Sur un plan spirituel, le travail permet d'obtenir le pain et le vin " fruits de la terre et du travail des hommes, nécessaires à l'accomplissement de l'Eucharistie et donc à la rédemption. Le temps de l'Eglise est d'abord celui de la liturgie qui impose ses repères à tous.
Les grandes fêtes religieuses scandent la vie du paysan médiéval ( l'Annonciation et la saint Michel suivent les équinoxes, la saint Jean et Noël coïncident avec les solstices ). Faut-il rappeler qu'on parle plus volontiers du jour de la saint Jean que du 24 juin, de la saint Michel que du 29 septembre ou de la saint Martin plus que du 11
novembre.
Il ne faut donc pas s'étonner que ce soit par des images souvent explicitement religieuses ou à connotation symbolique que, de manière sous-jacente, certains aspects de l'ordre social et, en particulier ici, les outils et les métiers à l'âge roman pourront apparaître.
Saynètes du travail de la terre
L'outil rudimentaire qu'est la houe outil a historiquement servi à nourrir les populations.
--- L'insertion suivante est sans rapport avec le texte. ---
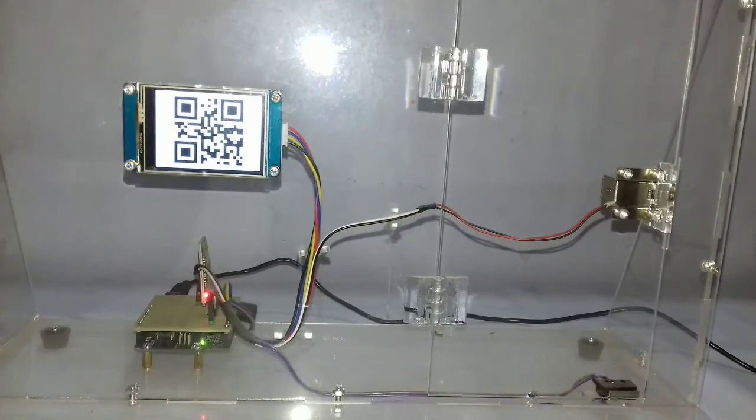Assalamualaikum warahmatullahi wabarakatuh. Kali ini saya akan memperlihatkan alat prototype keamanan pintu dengan barcode dan password menggunakan Nexion LCD touchscreen. Di sini ada solenoid untuk pengunci pintunya, Bluetooth menggunakan HC-05, dan kontrol utamanya yaitu Arduino Uno. LCD Nexion memiliki program tersendiri, berbeda dengan program Arduino, dengan aplikasi yang terdapat di laptop. Berikut demonstrasinya.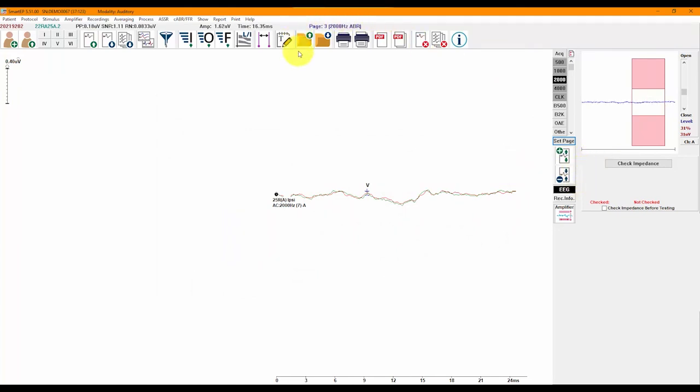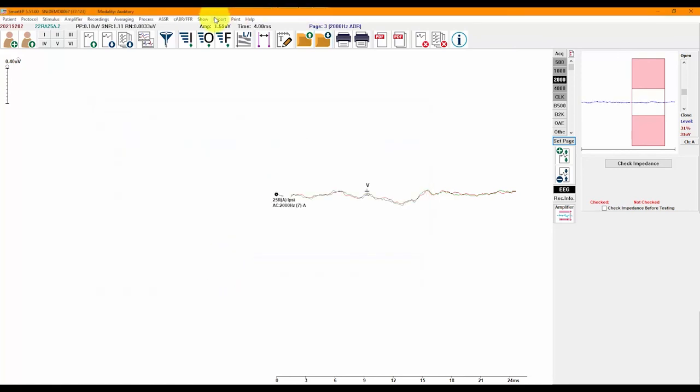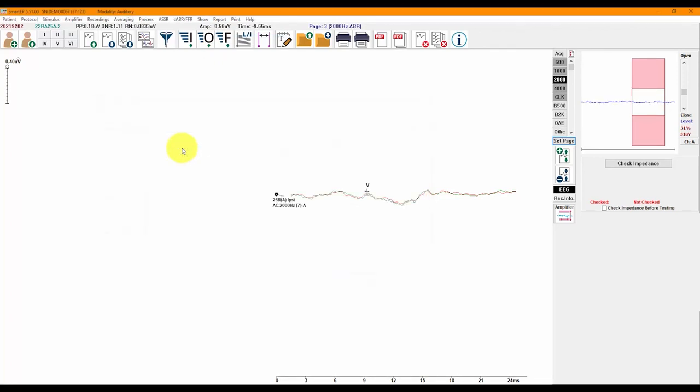Before ending your session, even if you have not finalized your report, it is important to save your report. This will allow you to load the report and have all of your pages populate as you had left them. To save a report, click on the save report icon or click on Report > Save Report. The report will already be saved in the patient record, so more commonly our users use the date as the report name and save.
Un instrument de culture attelé léger - l'araire ( en usage depuis l'Antiquité ) - est venu compléter les outils manuels favorisant déjà davantage l'intensification de l'exploitation agricole.
La charrue à roues à soc de fer - instrument de labour plus puissant et ameublissant les sols - se répandra peu à peu selon la nature des sols des différentes régions.



Monastère cistercien de Santes Creus, Catalogne,

Pendant qu'Adam travaille la terre en guise de châtiment Eve file la quenouille.


Eglise Santa Maria de l'Estany, Catalogne.

Scène de la condamnation au travail : Adam revient des champs derrière son attelage, Eve attend le fuseau à la main.




Eglise de Benet, Vendée.

Le labourage des sols à l'aide d'un instrument de culture attelé, tracté par des bœufs semble figurer sur la façade de cet édifice du Bas-Poitou. La saynète très dégradée montre Adam menant des bœufs pendant qu'un autre homme devait tenir les mancherons d'une charrue à grandes roues.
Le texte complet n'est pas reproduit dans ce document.